What message are your shoes sending to the world about your personality?
People make surprisingly accurate guesses about other people’s personalities from relatively little information.
Shoes are often said to be a good indicator of a person’s personality — and psychological research agrees.
A study of 208 people looking only at pictures of shoes has found people could pick out some personality traits of their owners.
The shoes in the pictures were the ones the owner wore most often.
So, here is your guide to reading someone’s personality just by looking at their shoes (and what your shoes are telling other people).
To spot a more agreeable person, look for affordable and practical shoes.

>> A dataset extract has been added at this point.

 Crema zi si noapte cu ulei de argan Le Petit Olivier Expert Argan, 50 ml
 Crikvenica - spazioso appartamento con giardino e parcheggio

People wearing shoes with pointy toes, those that are obviously branded or expensive, mean the wearer is likely to be less agreeable.
Anxiously attached people tend to wear shoes that look brand new.
‘Anxiously attached’ is psychologist-talk for people who are needy.
Needy people want your approval and perhaps their shiny, new shoes are one way they hope to get it.
The study’s authors explain:
“People with anxious orientation constantly desire caring and attention.
One strategy for achieving attention is to decorate oneself in an expressive way, so that others would easily detect one’s style.
Thus, it is possible that anxiously attached people tend to wear shoes that are more in line with their personal characteristics, which makes them more observable and means they will more easily stand out.”
Naturally, people with more money tend to wear more stylish shoes.
Women, in general, also tend to wear more expensive, branded shoes than men.
People wearing worn out shoes and/or high tops are more likely to be extraverted.
High-topped shoes are also linked to being more conscientious.
In general, people are pretty good at reading personality from shoes, the study’s authors write:
“Observers agreed on many of the shoe owner characteristics, and they were reasonably accurate; observer ratings were correlated with the shoe owners’ self-ratings.”
However, the people in the study also made some consistent mistakes when trying to read personality from shoes.
Colourful, bright shoes did not necessarily belong to extraverted people.
Attractive shoes in good condition did not necessarily belong to conscientious people.
Shabby shoes did not necessarily belong to a liberal!
In fact, you can tell very little about someone’s politics from their shoes, apparently.
The study was published in the Journal of Research in Personality (Gillath et al., 2012).